Your response should consist of the records below, repeated exactly.

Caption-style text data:
************
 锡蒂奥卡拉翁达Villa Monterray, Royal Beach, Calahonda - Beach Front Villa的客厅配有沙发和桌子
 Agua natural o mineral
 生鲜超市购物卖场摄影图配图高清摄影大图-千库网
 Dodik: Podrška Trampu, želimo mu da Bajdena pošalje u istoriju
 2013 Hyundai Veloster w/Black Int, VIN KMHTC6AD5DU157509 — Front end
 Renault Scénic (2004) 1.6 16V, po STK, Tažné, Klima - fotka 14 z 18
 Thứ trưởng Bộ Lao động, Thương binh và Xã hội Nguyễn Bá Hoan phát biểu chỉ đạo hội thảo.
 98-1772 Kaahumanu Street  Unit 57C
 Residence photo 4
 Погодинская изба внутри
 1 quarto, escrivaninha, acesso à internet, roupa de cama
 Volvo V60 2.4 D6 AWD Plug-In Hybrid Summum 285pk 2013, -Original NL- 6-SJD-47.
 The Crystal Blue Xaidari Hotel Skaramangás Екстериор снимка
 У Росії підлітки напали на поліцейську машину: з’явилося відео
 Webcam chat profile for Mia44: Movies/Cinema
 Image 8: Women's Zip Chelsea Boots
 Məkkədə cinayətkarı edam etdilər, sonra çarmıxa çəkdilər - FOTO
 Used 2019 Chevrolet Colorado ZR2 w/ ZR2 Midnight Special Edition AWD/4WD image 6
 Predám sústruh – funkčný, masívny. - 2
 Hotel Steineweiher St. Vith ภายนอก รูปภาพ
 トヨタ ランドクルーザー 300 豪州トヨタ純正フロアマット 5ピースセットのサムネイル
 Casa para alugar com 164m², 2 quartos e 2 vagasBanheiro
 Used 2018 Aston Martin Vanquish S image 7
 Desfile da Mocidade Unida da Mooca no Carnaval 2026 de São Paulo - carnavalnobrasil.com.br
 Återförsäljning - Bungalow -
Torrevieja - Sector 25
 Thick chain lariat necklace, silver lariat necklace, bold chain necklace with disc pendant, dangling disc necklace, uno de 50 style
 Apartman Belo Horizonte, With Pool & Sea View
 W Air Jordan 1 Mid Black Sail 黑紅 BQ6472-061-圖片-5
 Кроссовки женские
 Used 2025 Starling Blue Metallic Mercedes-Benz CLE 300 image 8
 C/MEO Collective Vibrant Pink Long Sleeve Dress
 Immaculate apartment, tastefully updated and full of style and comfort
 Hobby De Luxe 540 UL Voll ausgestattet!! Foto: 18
************
**SOLUTION TO THE EXERCISE**
 锡蒂奥卡拉翁达Villa Monterray, Royal Beach, Calahonda - Beach Front Villa的客厅配有沙发和桌子
 Agua natural o mineral
 生鲜超市购物卖场摄影图配图高清摄影大图-千库网
 Dodik: Podrška Trampu, želimo mu da Bajdena pošalje u istoriju
 2013 Hyundai Veloster w/Black Int, VIN KMHTC6AD5DU157509 — Front end
 Renault Scénic (2004) 1.6 16V, po STK, Tažné, Klima - fotka 14 z 18
 Thứ trưởng Bộ Lao động, Thương binh và Xã hội Nguyễn Bá Hoan phát biểu chỉ đạo hội thảo.
 98-1772 Kaahumanu Street  Unit 57C
 Residence photo 4
 Погодинская изба внутри
 1 quarto, escrivaninha, acesso à internet, roupa de cama
 Volvo V60 2.4 D6 AWD Plug-In Hybrid Summum 285pk 2013, -Original NL- 6-SJD-47.
 The Crystal Blue Xaidari Hotel Skaramangás Екстериор снимка
 У Росії підлітки напали на поліцейську машину: з’явилося відео
 Webcam chat profile for Mia44: Movies/Cinema
 Image 8: Women's Zip Chelsea Boots
 Məkkədə cinayətkarı edam etdilər, sonra çarmıxa çəkdilər - FOTO
 Used 2019 Chevrolet Colorado ZR2 w/ ZR2 Midnight Special Edition AWD/4WD image 6
 Predám sústruh – funkčný, masívny. - 2
 Hotel Steineweiher St. Vith ภายนอก รูปภาพ
 トヨタ ランドクルーザー 300 豪州トヨタ純正フロアマット 5ピースセットのサムネイル
 Casa para alugar com 164m², 2 quartos e 2 vagasBanheiro
 Used 2018 Aston Martin Vanquish S image 7
 Desfile da Mocidade Unida da Mooca no Carnaval 2026 de São Paulo - carnavalnobrasil.com.br
 Återförsäljning - Bungalow -
Torrevieja - Sector 25
 Thick chain lariat necklace, silver lariat necklace, bold chain necklace with disc pendant, dangling disc necklace, uno de 50 style
 Apartman Belo Horizonte, With Pool & Sea View
 W Air Jordan 1 Mid Black Sail 黑紅 BQ6472-061-圖片-5
 Кроссовки женские
 Used 2025 Starling Blue Metallic Mercedes-Benz CLE 300 image 8
 C/MEO Collective Vibrant Pink Long Sleeve Dress
 Immaculate apartment, tastefully updated and full of style and comfort
 Hobby De Luxe 540 UL Voll ausgestattet!! Foto: 18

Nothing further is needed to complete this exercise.